Back in Florida, Hương is simultaneously mourning her mother and resenting her for having the relationship with Ann that she never did. Then Ann and Hương learn that Minh has left them both the Banyan House, the crumbling old manor that was Ann’s childhood home, in all its strange, Gothic glory. Under the same roof for the first time in years, mother and daughter must face the simmering questions of their past and their uncertain futures, while trying to rebuild their relationship without the one person who’s always held them together.
Running parallel to this is Minh’s story, as she goes from a lovestruck teenager living in the shadow of the Vietnam War to a determined young mother immigrating to America in search of a better life for her children. And when Ann makes a shocking discovery in the Banyan House’s attic, long-buried secrets come to light as it becomes clear how decisions Minh made in her youth affected the rest of her life—and beyond.
Spanning decades and continents, from 1960s Vietnam to the wild swamplands of the Florida coast, Banyan Moon is a stunning and deeply moving story of mothers and daughters, the things we inherit, and the lives we choose to make out of that inheritance.
Why I love it
Carolyn Huynh
Author, The Fortunes of Jaded Women
What does inheritance mean to you? The older I get the more this word haunts me. At the end of the day, what are we really left with? My parents, who didn’t have much, passed on their stories, which I have struggled to spin into gold, to help me make sense of my own identity and belonging on this pale blue dot.

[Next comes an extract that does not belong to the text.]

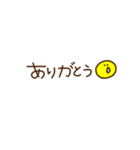 災害•緊急時の家族連絡スタンプ（個別スタンプ：40）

Banyan Moon valiantly engages with the chameleonic nature of inheritance and the wounds and bonds forged across generations. Thao Thai’s seasoned debut is a beautiful, sweeping, multigenerational tale about three stubborn Vietnamese and Vietnamese American women. It is a tale as old as time—but perhaps new to you—about a daughter’s (Ann) inability to communicate with her estranged Vietnamese mother (Hương). That is, until one day, Ann’s matriarchal grandmother (Minh) passes away, and mother and daughter are forced to confront the past in order to untangle the inheritance Minh has left behind.
I thank Thao Thai for writing this book. Her words have stayed with me long after I finished it. Banyan Moon gives me hope that I can redefine “inheritance” one day, if not for myself, then for the next generation. It may very well do the same for you.